▶ **Collected material**
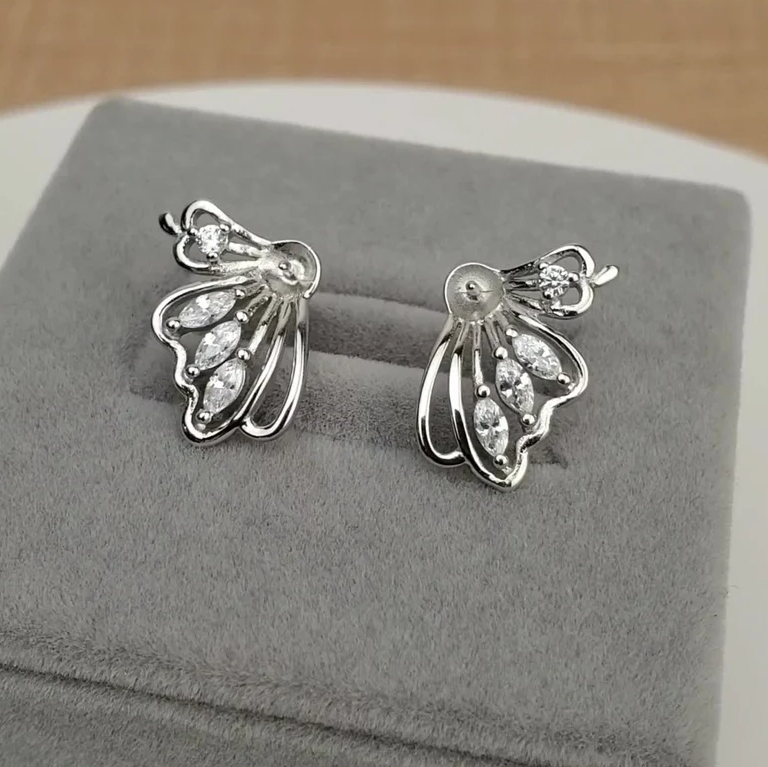Zircon Butterfly Pearl Earrings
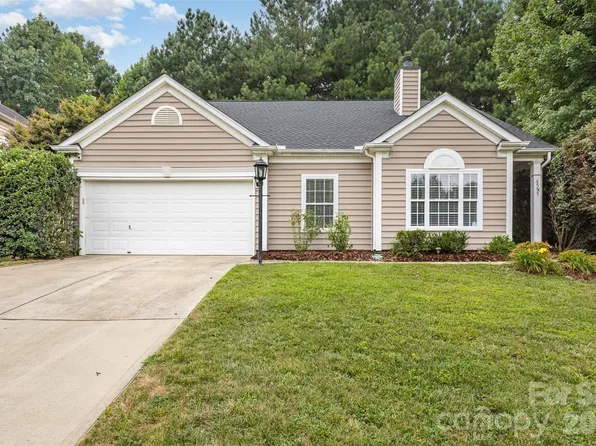 6533 Falls Lake Dr, Charlotte, NC 28270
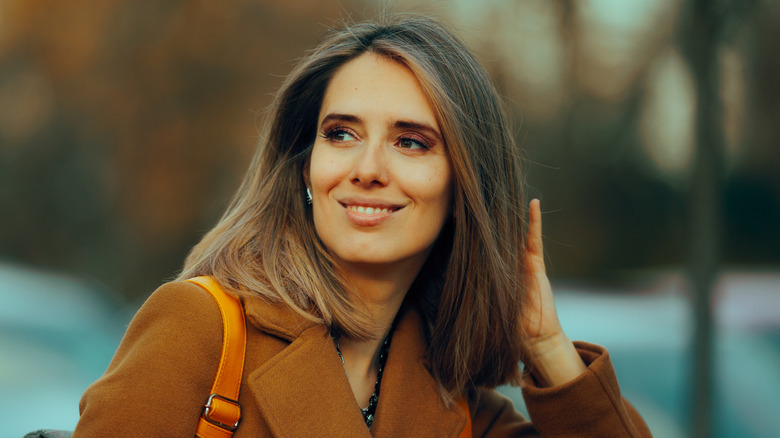 Une femme avec une coupe de cheveux lobée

▶ **Exercise details**
In your copy of the listing, please omit the pictures and keep every word exact.

▶ **Output of the exercise**
Zircon Butterfly Pearl Earrings
 6533 Falls Lake Dr, Charlotte, NC 28270
 Une femme avec une coupe de cheveux lobée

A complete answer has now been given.